Exercise: Without including any pictures, reproduce the full listing exactly.

Dataset content:
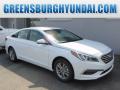 2015 Sonata SE #1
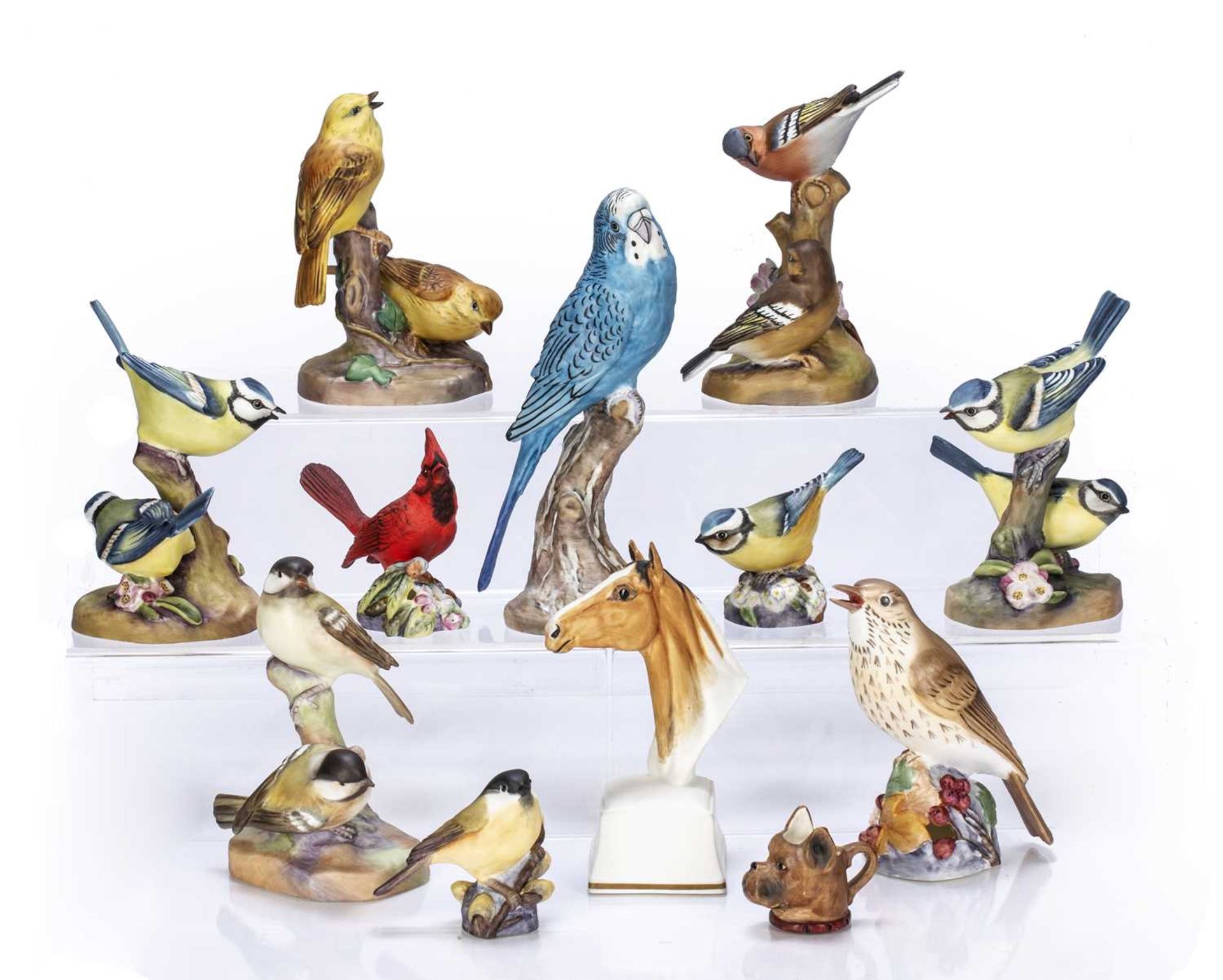 Royal Worcester collection of porcelain models to include: horse, birds, budgie, red cardinal,
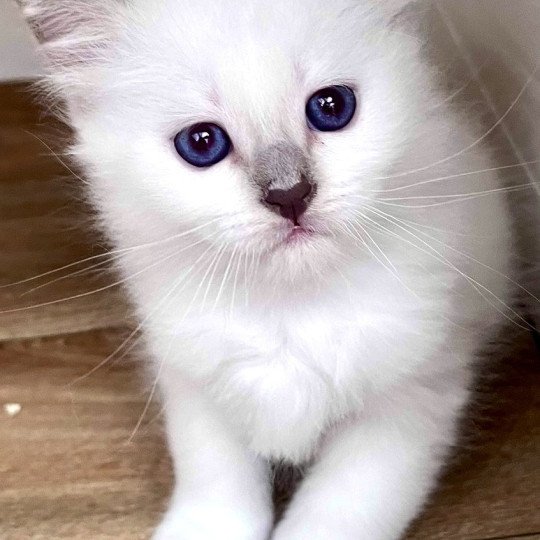 chaton Sacré de Birmanie blue smoke point ASLAN CHATTERIE DU DOMAINE DE MONTBRIEUX blue smoke point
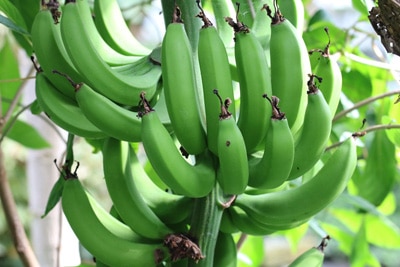 Banane, Musa basjoo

Solution for this exercise:
 2015 Sonata SE #1
 Royal Worcester collection of porcelain models to include: horse, birds, budgie, red cardinal,
 chaton Sacré de Birmanie blue smoke point ASLAN CHATTERIE DU DOMAINE DE MONTBRIEUX blue smoke point
 Banane, Musa basjoo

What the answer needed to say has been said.